Signe supplémentaire des divisions au sommet de l’État iranien, le porte-parole du président Massoud Pezeshkian s’est prononcé dimanche contre la nouvelle politique internet promue par les services de sécurité du pays. Dans un message publié sur X, Seyed Mehdi Tabatabaei a écrit que le président « s’oppose fermement à toute restriction d’accès du public à internet international », ajoutant que si ce plan visait à répondre aux risques sécuritaires en temps de guerre, les instances de sécurité avaient omis de l’expliquer au grand public.
Tabatabaei a ajouté que ce plan « contredit totalement la politique gouvernementale et les positions du président ». Il a précisé que les décisions prises pour restreindre les communications « compte tenu des circonstances exceptionnelles que connaît le pays et des obligations liées à la guerre, il ne s’agit que de décisions circonstancielles et temporaires », et a promis qu’« une fois cette situation passée, l’accès à Internet international, en tant que droit fondamental de tous les citoyens, sera garanti et de meilleure qualité qu’auparavant ».
Tabatabaei a réfuté les allégations selon lesquelles ce plan constituerait une source de revenus pour le régime, déclarant que « l’affirmation selon laquelle il s’agit d’une initiative lucrative est une interprétation erronée », mais il a également vivement critiqué les instances de sécurité : « La responsabilité d’informer le public et de convaincre l’opinion publique incombe aux instances autorisées elles-mêmes, notamment le Conseil suprême du cyberespace, le ministère des Communications et le Centre national du cyberespace. Sur ce point, elles ont failli à leur mission. »
Tabatabaei n’est pas seul. Le premier vice-président Mohammad Reza Aref a déclaré cette semaine que « l’accès égal et non discriminatoire à Internet doit être garanti à tous les secteurs de la société ».
La porte-parole du gouvernement, Fatemeh Mohajerani, a déclaré à l’agence de presse officielle IRNA que « Pro Internet n’avait pas pour but de nier le droit du public à Internet », mais a admis que « aujourd’hui, les choses se sont passées différemment ».
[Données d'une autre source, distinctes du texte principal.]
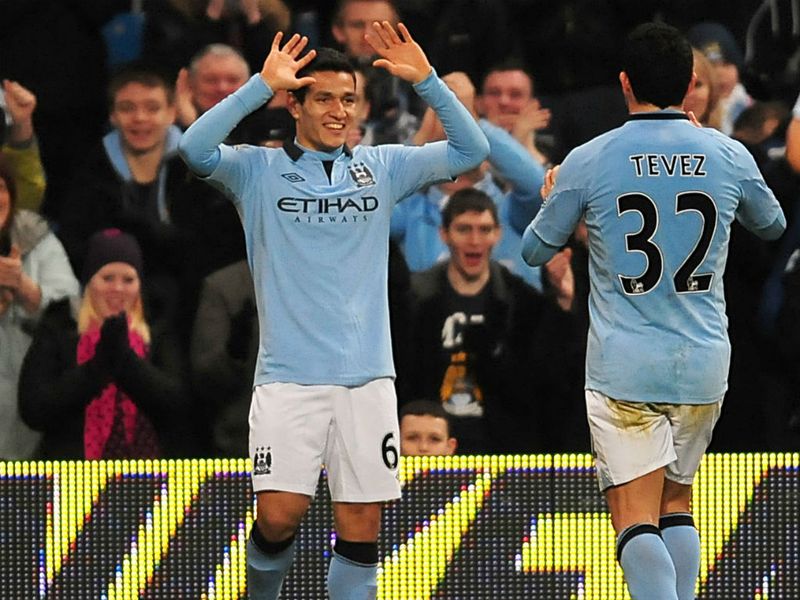 Seventeen year old Marcos Lopes grabs a goal three minutes into his Manchester City debut, adding to goals from Tevez and Barry to beat Watford 3-0.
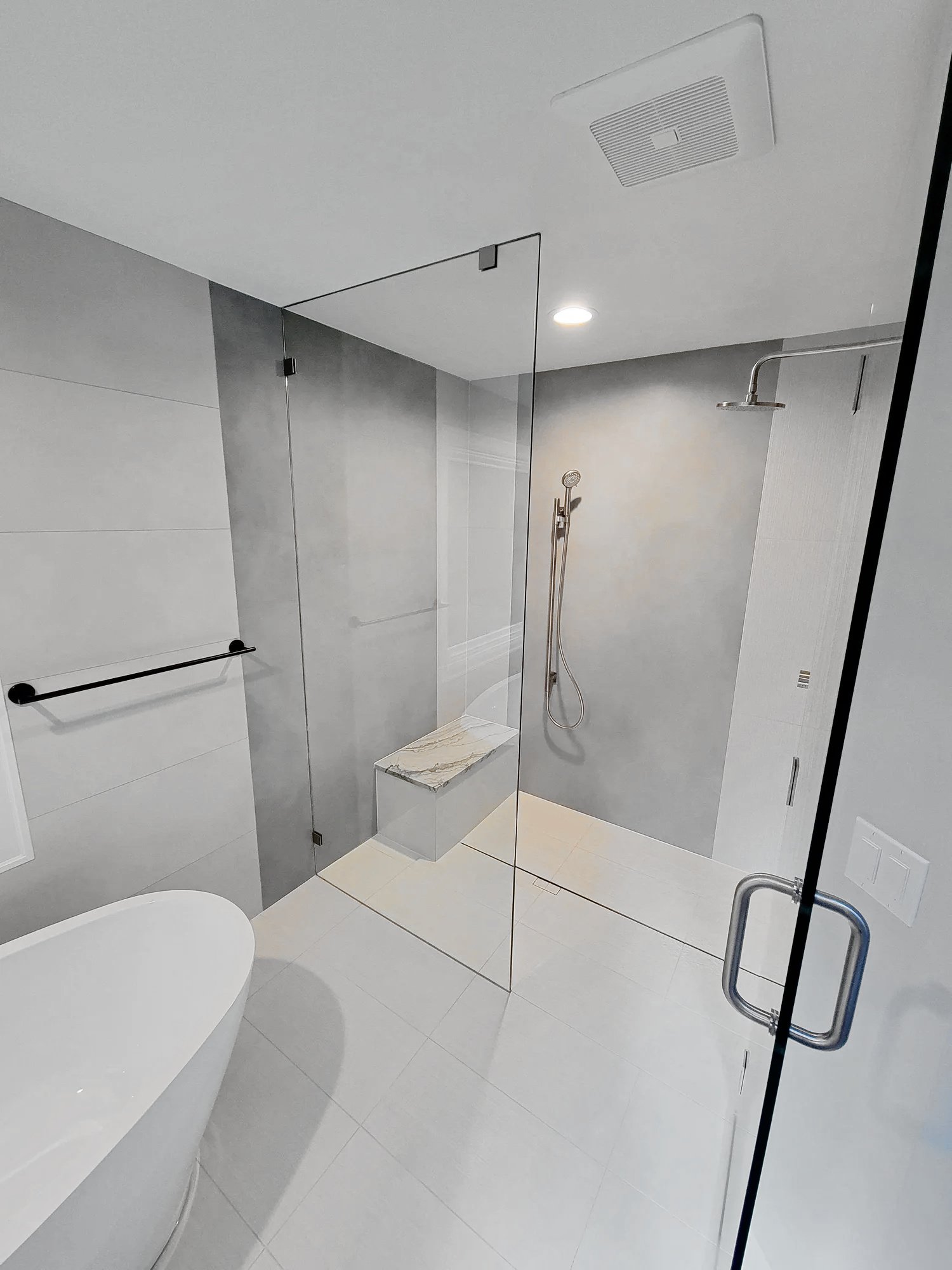 Walk-in tile shower with glass enclosure, a built-in bench and large-format wall tile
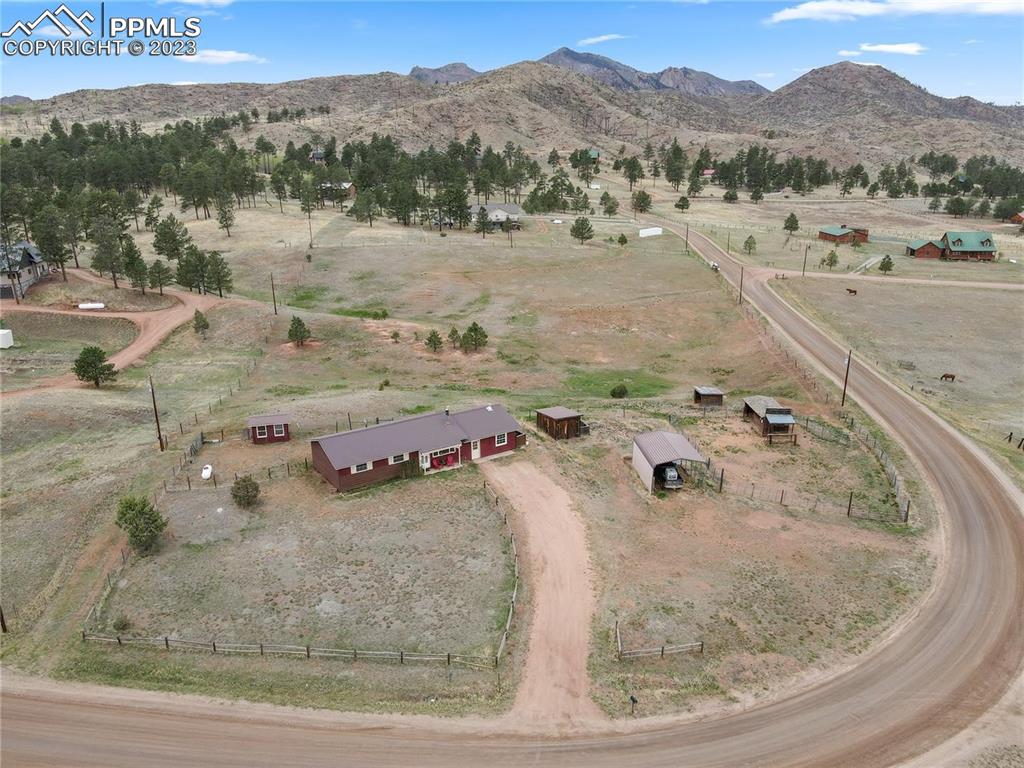 13771 South Hedi Road Sedalia, CO 80135 - Photo 46 of 49 a view of a house with a mountain and a forest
En janvier dernier, dans un contexte de manifestations en Iran, il a été révélé que le régime travaillait sur un projet visant à déconnecter définitivement le pays d’Internet tout en maintenant un réseau interne. À l’époque, le fils du président, Youssef Pezeshkian, avait vivement critiqué cette politique de blocage : « Couper Internet, c’est comme effacer le problème au lieu de le résoudre. Les services de sécurité craignent que le rétablissement d’Internet ne perturbe le calme, mais la plus grande inquiétude est que cette coupure ne creuse davantage le fossé entre le peuple et le régime. »
Tout repose entre leurs mains. Manifestations en Iran. Photo : AP
La déclaration de Tabatabaei s’inscrit dans une tendance qui s’est intensifiée ces dernières semaines : des frictions ouvertes entre les dirigeants civils iraniens, menés par le président réformateur, et l’appareil sécuritaire belliciste.
Début mars, Pezeshkian a publié une vidéo dans laquelle il présentait ses excuses aux États du Golfe pour les attaques dont ils avaient été victimes, mais des médias proches du Corps des gardiens de la révolution islamique et des personnalités conservatrices l’ont attaqué, ce qui l’a incité à publier une clarification.
Le 17 avril, le ministre des Affaires étrangères, Abbas Araghchi, annonçait que le détroit d’Ormuz était « totalement ouvert » au passage des navires commerciaux. Moins de 24 heures plus tard, le Corps des gardiens de la révolution islamique publiait un communiqué contraire et déclarait le détroit de nouveau fermé. L’agence de presse Tasnim, proche du Corps des gardiens de la révolution islamique, s’en prenait alors à M. Araghchi, qualifiant sa déclaration de « mauvaise et incomplète ».